Coming next month: More than 100 channels for 35 bucks. But a major broadcaster seems to be missing.

Mayor Bloomberg And AT&T CEO Randall Stephenson Announce WiFi Enabled City Parks
Mayor Bloomberg And AT&T CEO Randall Stephenson Announce WiFi Enabled City Parks
AT&T CEO Randall Stephenson
Photo by Spencer Platt/Getty Images
Peter Kafka
Peter Kafka covered media and technology, and their intersection, at Vox. Many of his stories can be found in his Kafka on Media newsletter, and he also hosts the Recode Media podcast.

Add AT&T to the list of companies that want to sell you TV over the internet: AT&T CEO Randall Stephenson says his online-only DirecTV Now package will cost $35 a month and offer more than 100 channels when it launches next month.

DirecTV Now will join Dish’s Sling and Sony’s Vue, which have been on the market for a while and may have around 800,000 subscribers so far.

Next year, Hulu, the service owned by Disney, 21st Century Fox and Comcast, will launch its own live TV service. Google, among others, is working on one as well.

One selling point AT&T will have, for now, is that AT&T mobile subscribers who sign up for DirectTV Now will be able to watch on their devices without having the data usage count against their caps.

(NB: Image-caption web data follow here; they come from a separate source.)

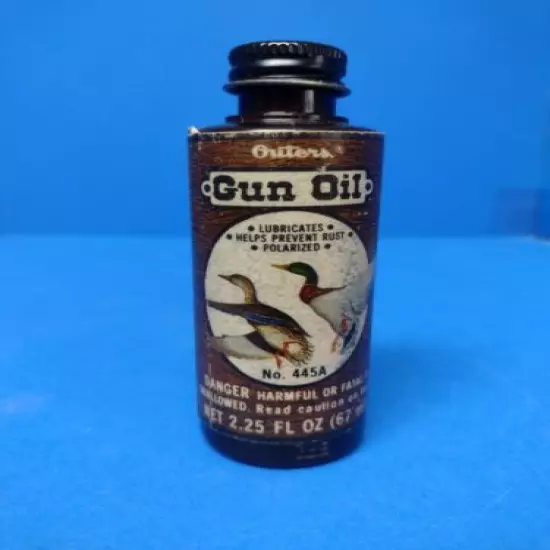 Vintage Outers Gun Oil 445a Ducks 2.25oz Half full. 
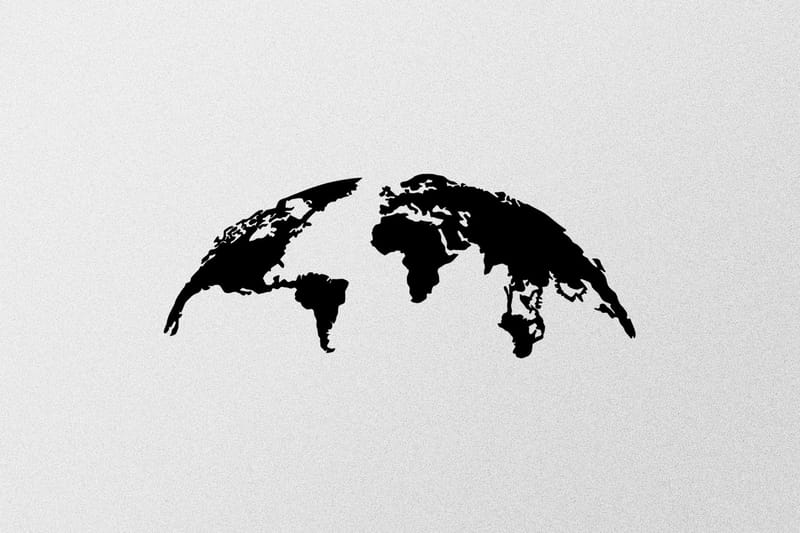 World Map Small 100 cm Väggdekor - Svart - Plåtskyltar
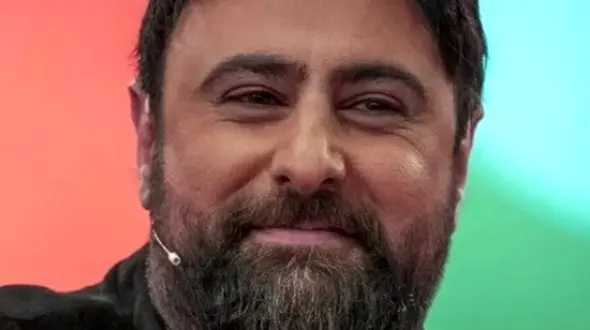 بیوگرافی محمد علیزاده خواننده‌ی مطرح پاپ کشورمان، همسر سارا منجزی پور+ عکس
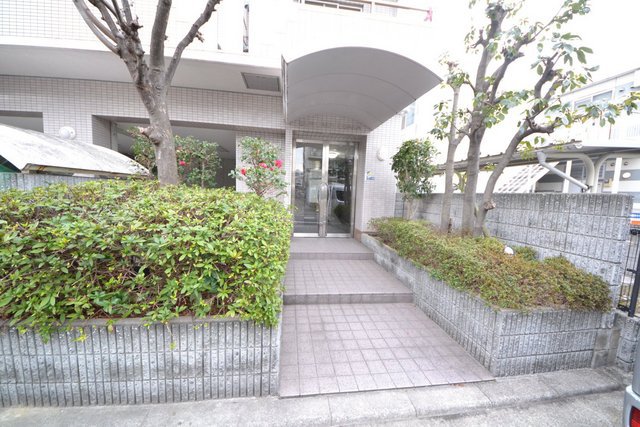 23/30 エントランス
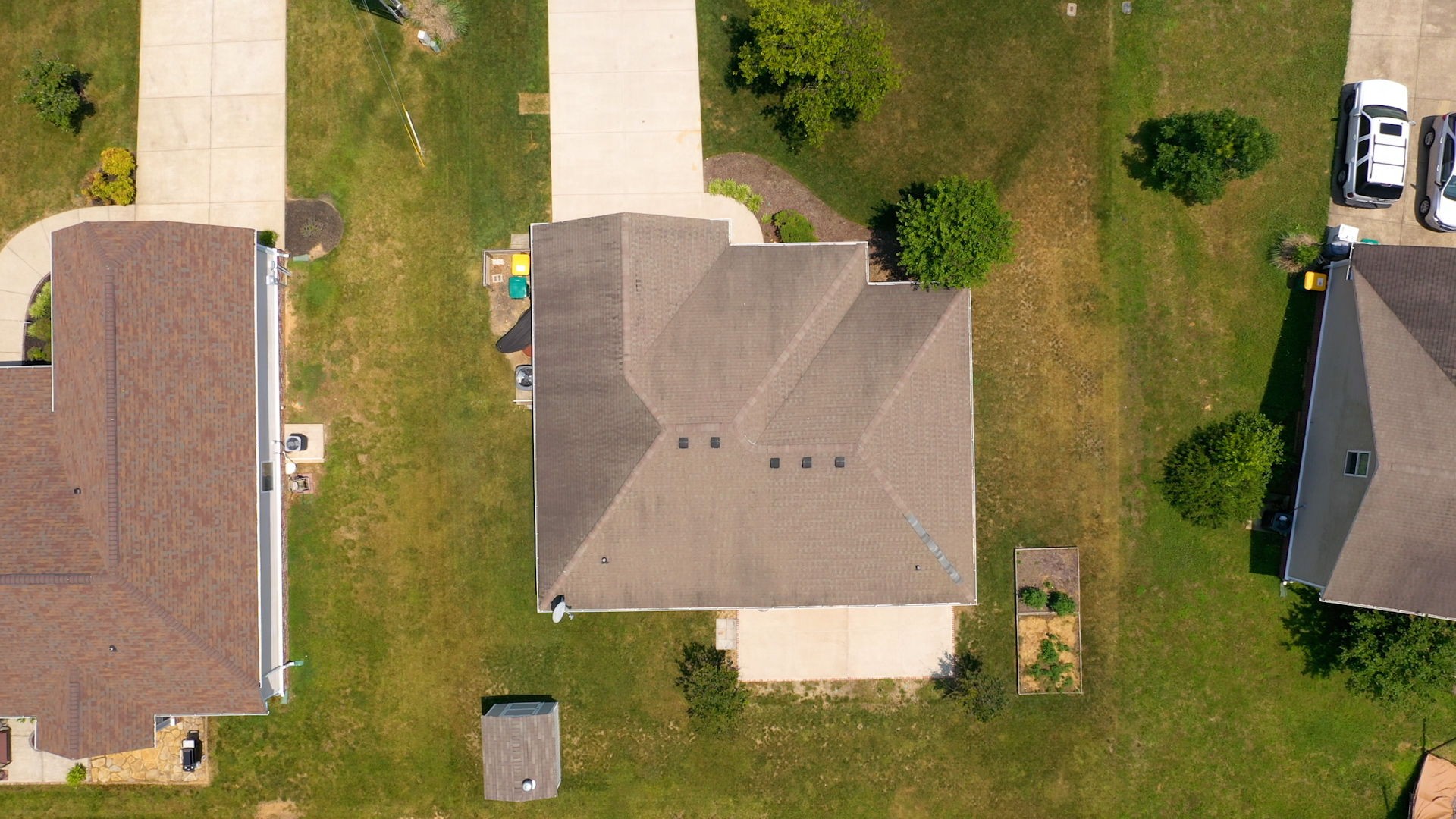 6025 Chickadee Circle Spring Hill, TN 37174 - Photo 38 of 44 an aerial view of a house with a yard basket ball court and outdoor seating
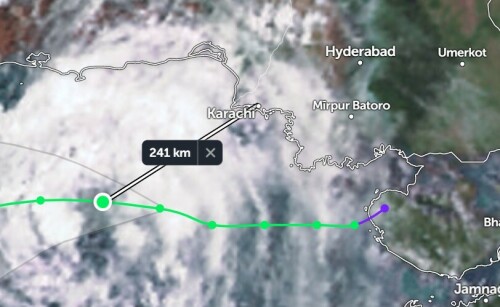 Cyclone Asna moves away from Karachi, PMD predicts heavy rains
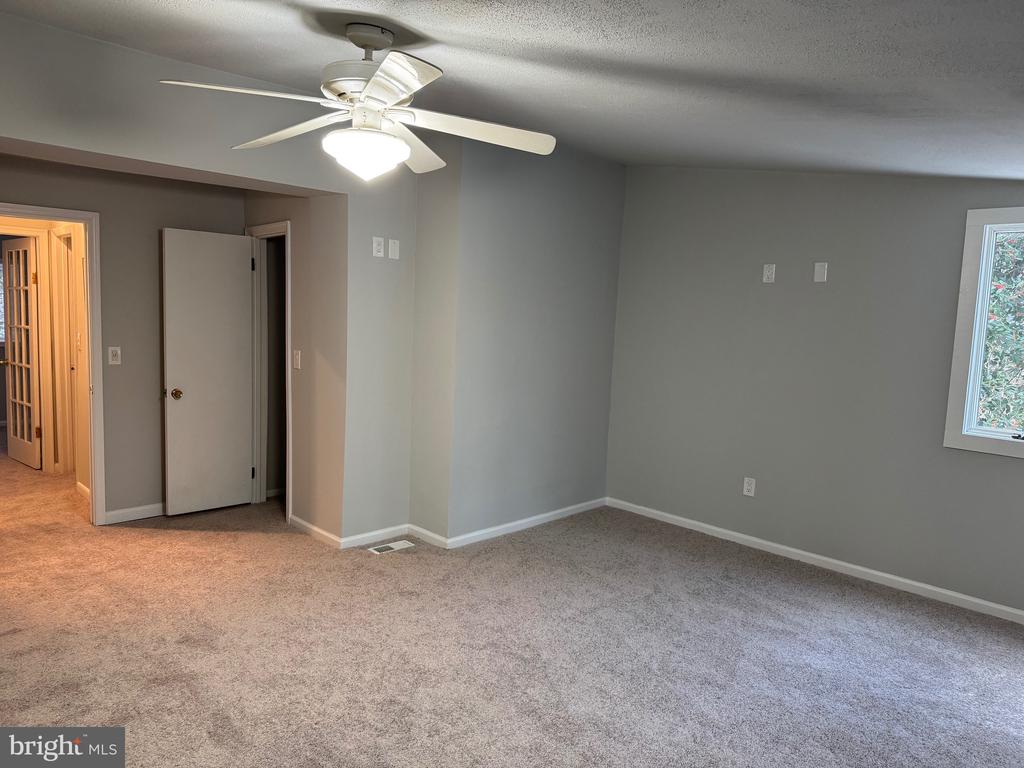 1152 PINE TREE DRIVE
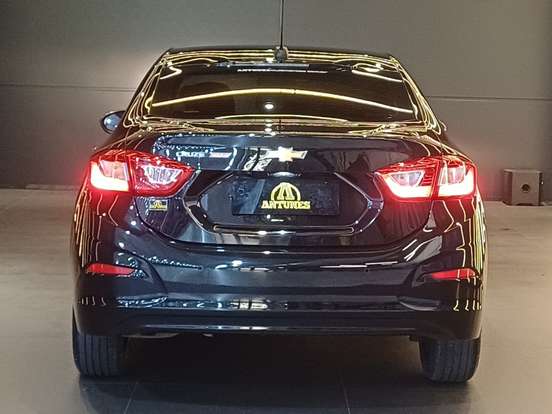 CHEVROLET-CRUZE-2018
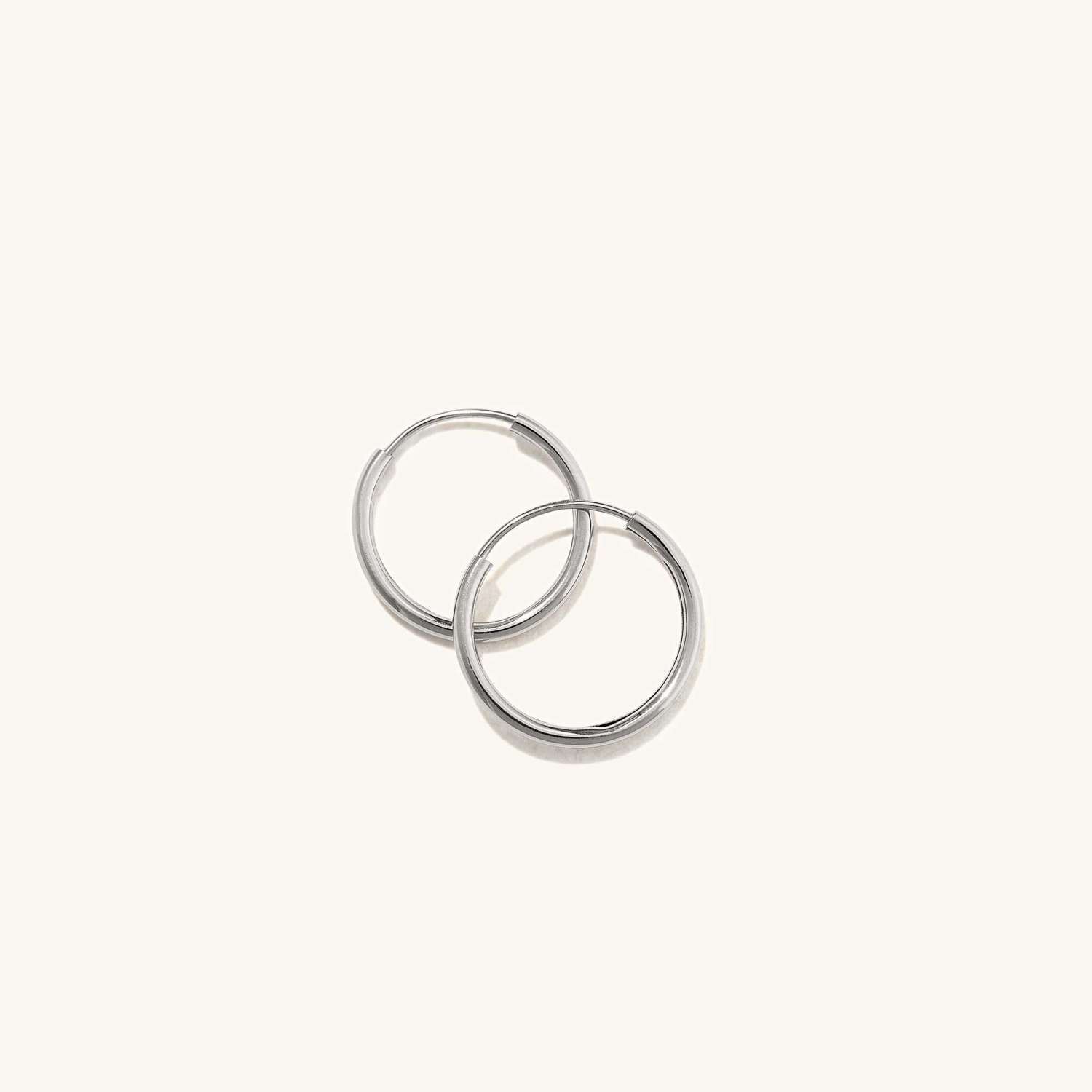 【オシャレ】MEJURI メジュリ Single Small Hoops ピアス オシャレ】MEJURI メジュリ Single Small Hoops ピアス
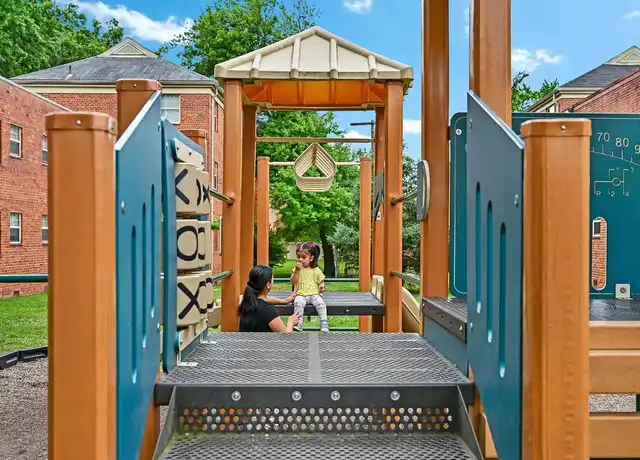 Property at Hamilton Manor - 3342 Lancer Dr, Hyattsville, MD, 20782, 1-2 bed, 1 bath, [object Object]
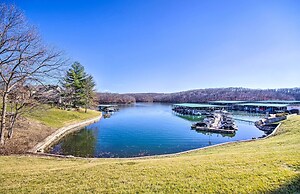 Stunning Lake Views: Spacious Osage Beach Condo!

The bulk of long-form video viewing happens on Wi-Fi networks, not mobile, but that’s still a differentiating feature.

The other big one appears to be price: AT&T looks like it’s coming in significantly below Sling and Vue — and, for that matter, DirecTV itself. The satellite service, which AT&T bought two years ago, is offering a basic starter pack for $50 a month, but that’s only a teaser rate that jumps up significantly after a year.

But there’s almost always a catch with this stuff.

The major one, for now, is that while AT&T has signed up many TV programmers, including Disney, Comcast/NBCU, Fox and Time Warner, it doesn’t yet have a deal with CBS.

Normally, this wouldn’t be that significant — these carriage negotiations often stretch on for a while, and then settle up just before a launch deadline.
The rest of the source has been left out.